Наталья Андреева - Стикс
— Хоть две! — кричит вслед тому Руслан. — Хоть три! Крохобор! Зануда.
И к нему:
— Ваня, ты как?
— Плохо.
— Да. А это в самом деле сюрприз. — Руслан кивает в сторону разрытой ямы, куда недоумевающие могильщики кое-как набрасывают обратно сухую землю.
Семейная могила истоптана, цветы поломаны, лавочку и одноногий столик своротили напрочь.
— Как же так? — спрашивает он у Руслана. — Выходит, мама меня не обманывала?
— Ну, она мать, — уклончиво говорит друг детства. — В самом деле: странная история. Что дальше?
— Не знаю. Больше у меня нет никаких версий.
— Я думаю, что нам надо наконец-то поговорить, — решается друг детства.
— О чем?
— Если ты это пережил, то и мой рассказ воспримешь более или менее спокойно. Честно говоря, я и сам удивлен, что в этой могиле захоронен новорожденный ребенок. Ты еще до своего исчезновения предположил, что мать тебе соврала, и сказал мне об этом. А выходит, она здесь ни при чем. И что же тогда?
— Извини… — Это уже не просто головная боль, с ним творится что-то непонятное. — Извини…
— Что с тобой, Ваня?
Он словно бы проваливается во времени. Теряет минуты, пока еще минуты. Вот только что видел Руслана прямо перед собой, и вот они уже сидят в машине. Едут домой? Куда? К Зое? Зоя! Зоя!! Хоть бы ты была дома!
— Не понимаю, что с ним. — Это ей негромко шепчет Руслан. — На кладбище стало плохо.
— Господи! -Ладошкой Зоя испуганно зажимает рот. -Да что же это?!
— Может, после того? После амнезии? Врача вызвать?
— Не надо врача. — Он выныривает, нащупывает несколько минут, видит этих двоих и еще раз говорит: — Не надо. Я сам.
Свистунов идет к двери:
— Если что — позвони. Я на работе.
Утро? полдень? вечер? ночь?
Он снова там, в безвременье. Странная это штука: не понимать, что с тобой происходит и где ты вообще находишься. Вокруг сплошная чернота, но и ее можно еще понять. Когда спишь — тоже теряешь время. Много времени, которое спрессовано в один глоток сна. Но не так. Это нечто совсем другое, особенное. Ведь что-то происходит: ты ходишь, сидишь, стоишь, с кем-то разговариваешь, но ничего этого не ощущаешь. Все движется и изменяется как-то помимо тебя.

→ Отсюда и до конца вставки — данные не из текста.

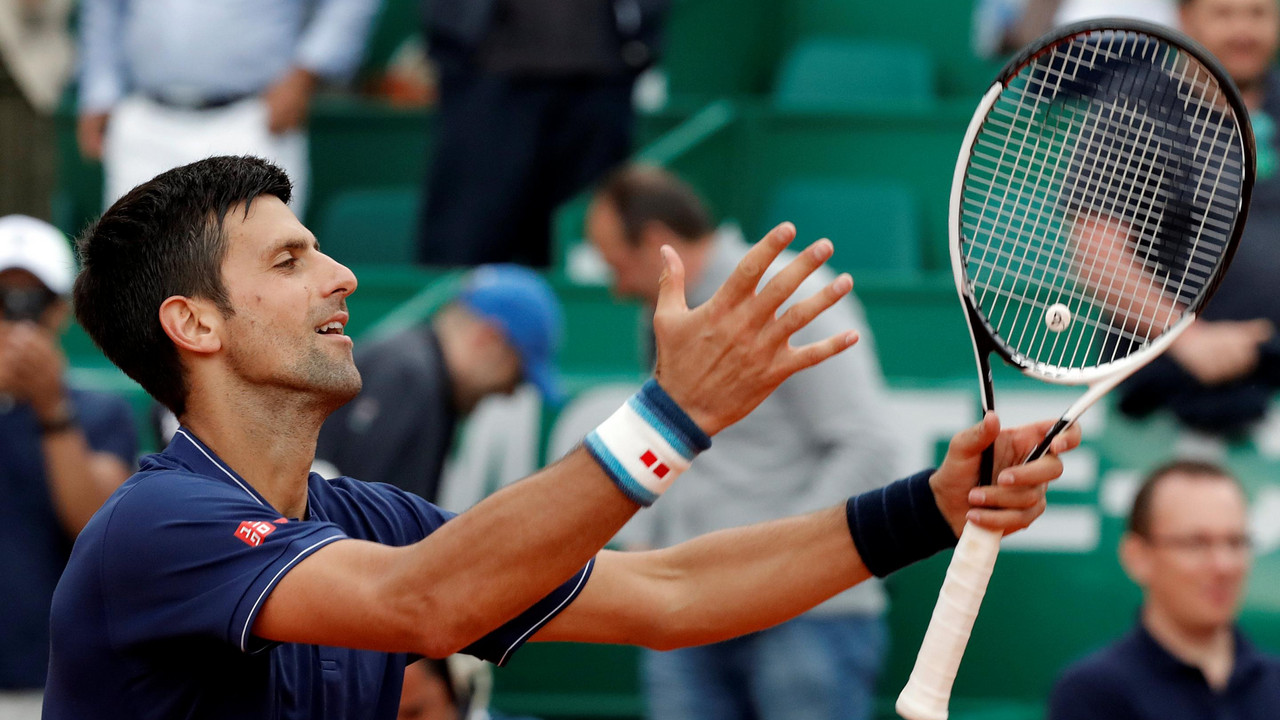 Novak Đoković proslavlja pobedu nad Žilom Simonom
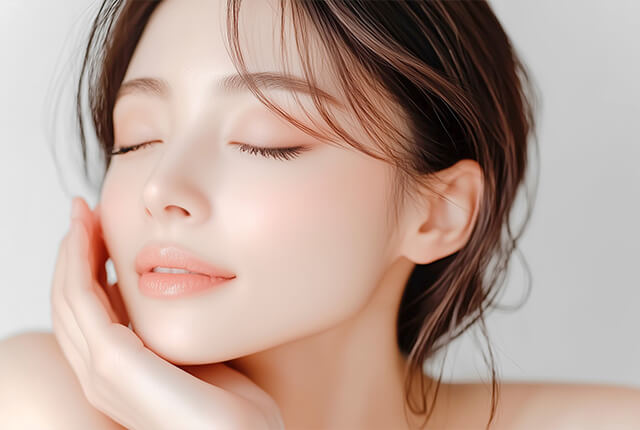 目元が綺麗な女性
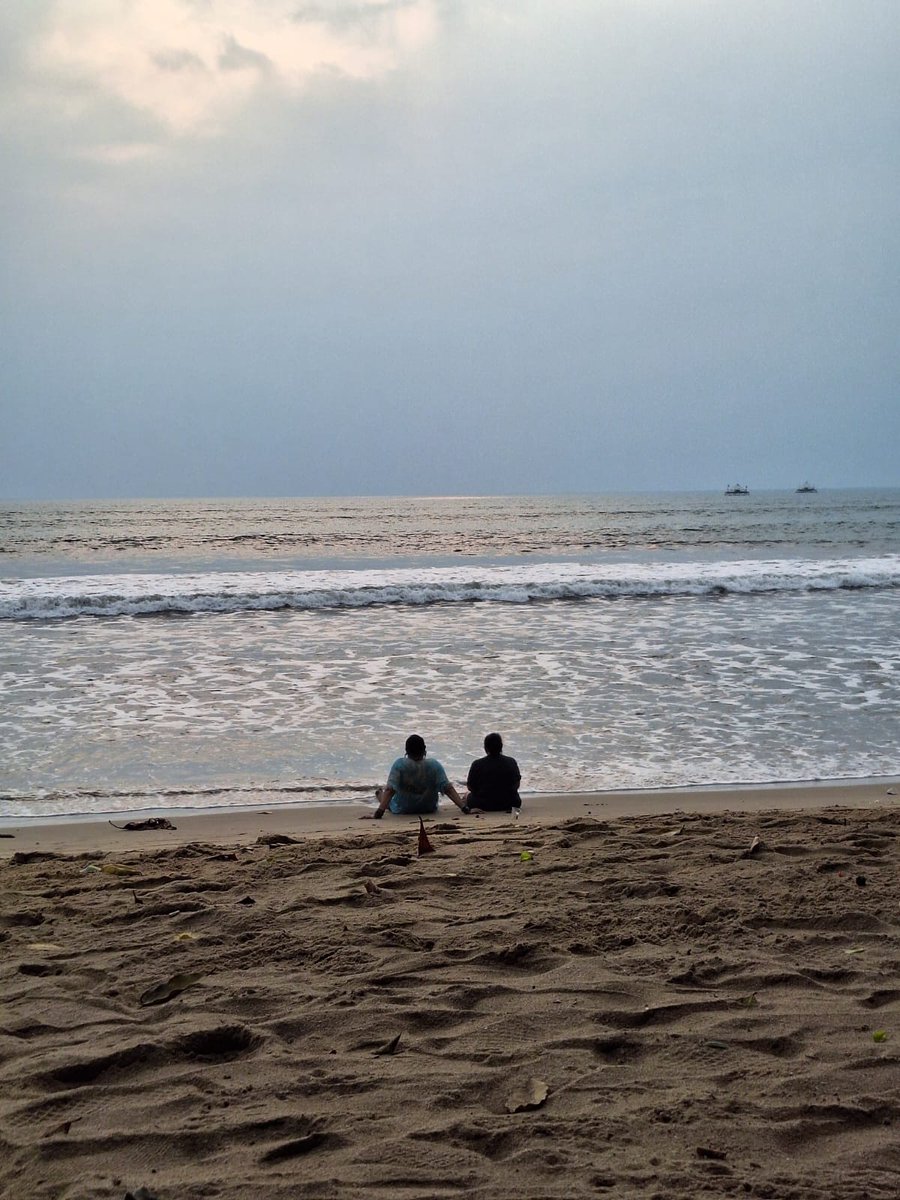 👩🏼‍🦲 nikah tu diujung sana.. kalo mau kesana ombaknya harus dilewatin dulu.. 
👩🏼 ayo.. tapi pegangin ya.. pelan" jalannya.. jgn dilepas, nnt aku anyutttt
<a href="/_dvsg/">deru</a>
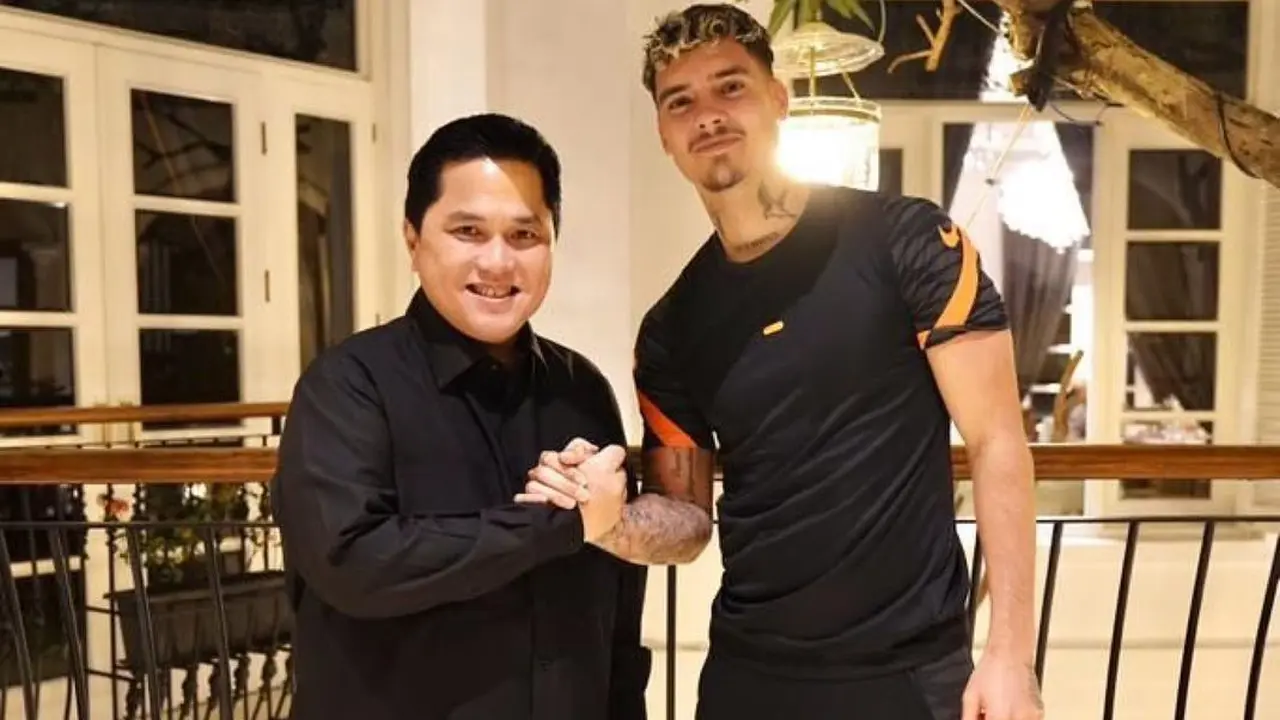 Ketua PSSI, Erick Thohir bersama pemain naturalisasi Timnas Indonesia, Shayne Pattynama.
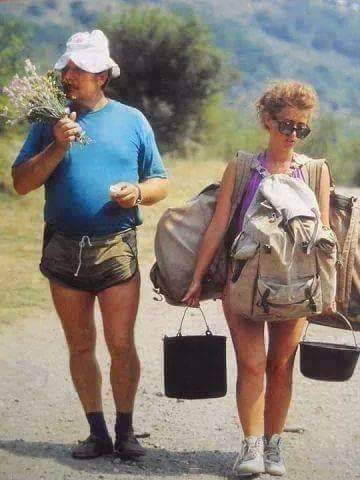 DIIo4pqW0AAxE1V.jpg:large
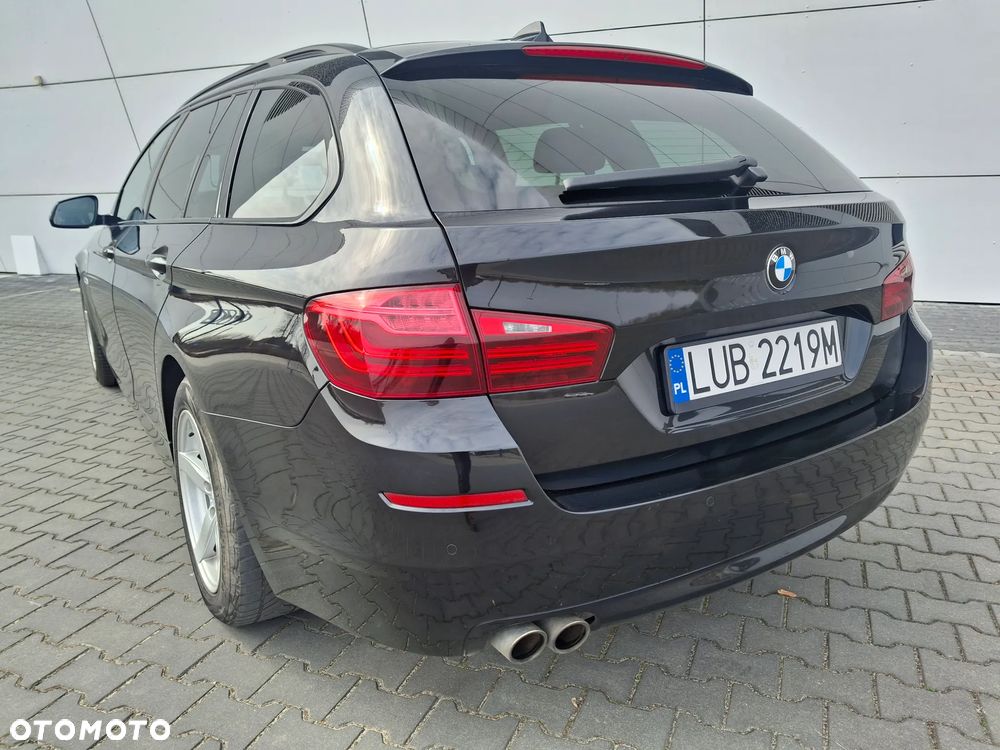 BMW Seria 5 518d Luxury Line - 13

Неужели же никто не замечает, что тебя в этот момент вроде как и нет? Что ты переселился в другое измерение. Если есть одномерное пространство, то это оно. Нет ни будущего, ни прошлого. Только настоящее. Твое сознание ограничено рамками черноты.
— Что со мной, Зоя?
— Ванечка, как тебе помочь? Как?
— Не знаю.
— Таблетку, может, какую-нибудь?
Он отрицательно качает головой. Нет, таблетка здесь не поможет. Он еще видит ее, Зою, пытается цепляться за это:
— Раньше такое со мной было?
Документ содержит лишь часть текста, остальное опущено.